Family (Names changed obviously)
- Son – Tyson – 25
- Son – Peter – 23
- Daughter – Jessica – 17
- Daughter – Claire – 16
- Daughter – Linda – 21
- Daughters Friend – Emma – 16
My parents have been married since 2009, and their relationship has been rocky to say the least. Arguments, disagreements etc etc but they have been together for almost 26 years, so it is to be expected here and there.
They have 5 kids in total, 3 daughters and 2 sons. At the moment in time, only the two youngest daughters live at home, dad works away a lot with what he does and my mother is a stay at home mum. This is a general idea of how the household is, not many people at home often, apart from mum, as the two youngest are 16 and 17, they tend to be out with their friends.
This is where the story starts to get a little bit more interesting to say the least. Recently my parents have taken in one of my younger sisters friends to live with them, I’ll refer to her as Emma. Apparantely something happened between her and her father, and she isnt comfortable living at her home anymore. Social services agreed with this and then my parents agreed to take her in temporarily.
This went fine for the first 3-4 months or so, she seemed to integrate into the household pretty well. However, after the initial grace period, it seems that my dad has grown close to her. From the outside POV, it seems to be a father/daughter kind of relationship, not much more than that.
He has started taking the three girls out for day trips to local “tourist/travel” spots.

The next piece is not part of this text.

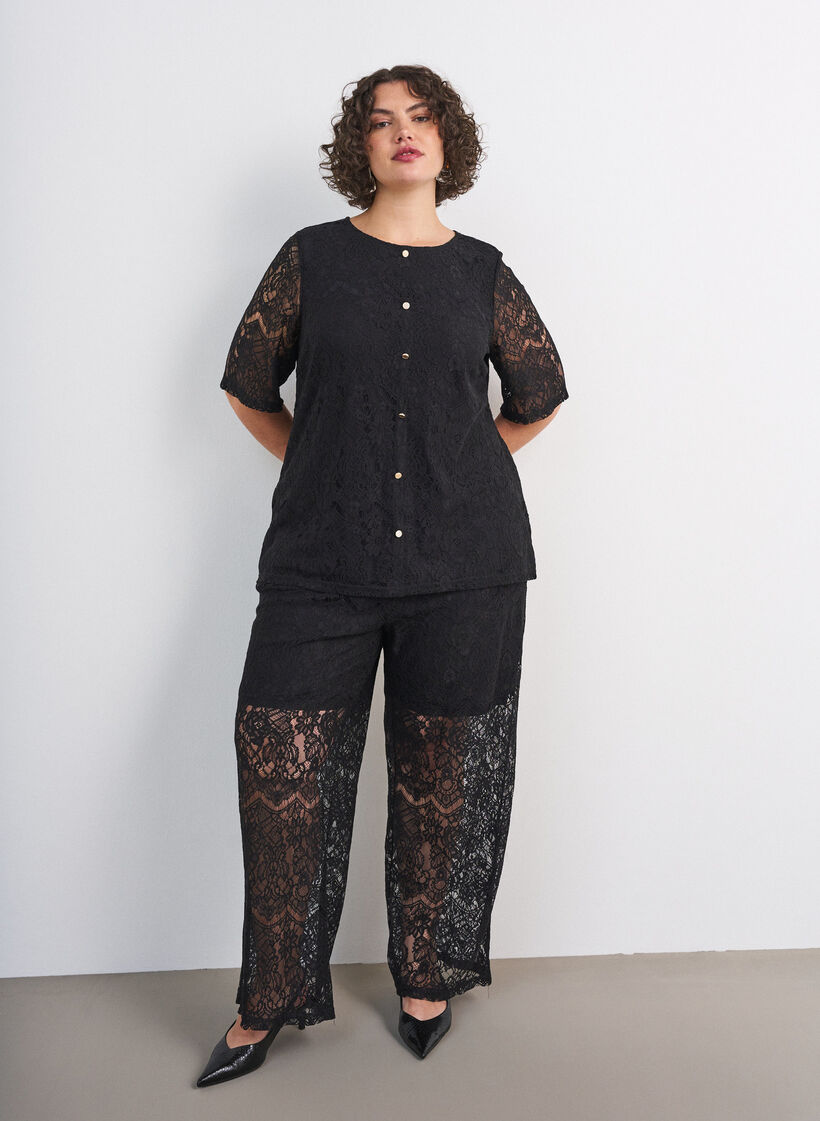 Kanten blouse met decoratieve knopen, Zwart, Model image number 1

Going ice skating and various other things, which I’ll admit, he didnt tend to do often before, but it serves as a good distraction for Emma as well as being good for my youngest sisters.
As well as this, if Emma has any issues or gets upset about anything or wants to talk about what happened between her father and her, the first person she goes to is Dad. They will sit in the kitchen together and talk about whatever is on her mind for hours.
During this, mum is normally in the living room watching TV or entertaining herself. But now she has started to act jealous, starting to get cold towards Emma, which seems a little undeserved. Now she is talking about getting security cameras in most rooms of the house, which is slightly far fetched, but I feel like she is just trying to prove her point about their relationship being weird.
Apart from this, nothing has really happened between Dad and Emma. So, what is everyone elses opinion? I mean, I know its not much to go on, but I’m not sure is she is overreacting slightly or not.
Thanks!
TL;DR – Youngest daughter has had a friend move into the family home and now Mum is jealous of her relationship with dad.
Comments
Your dad needs to be told to establish boundaries, since he can’t figure it out for himself. You are fortunately an objective adult observer here.
He’s flattered that the teenager sees him as a father, but hopefully he’s strong enough and has enough ethics to be sure that no boundaries are ever, EVER crossed.
You mum isn’t over-reacting so much as being very careful and cautious, and rightly so.
Shit happens. Even when good people are involved. Sometimes people make really bad decisions, but he IS the adult here, and needs to remain in control, and well advised to do so.
As an adult, you really should sit down with him, person to person, and have this open, frank and well thought out discussion before anything possibly happens, so that he pulls back and dials it all in.
Frankly I’m not so much worried about your mother as I am about the dad and more so, the teenager. Teenagers are really really really really STUPID because they’re not cooked yet.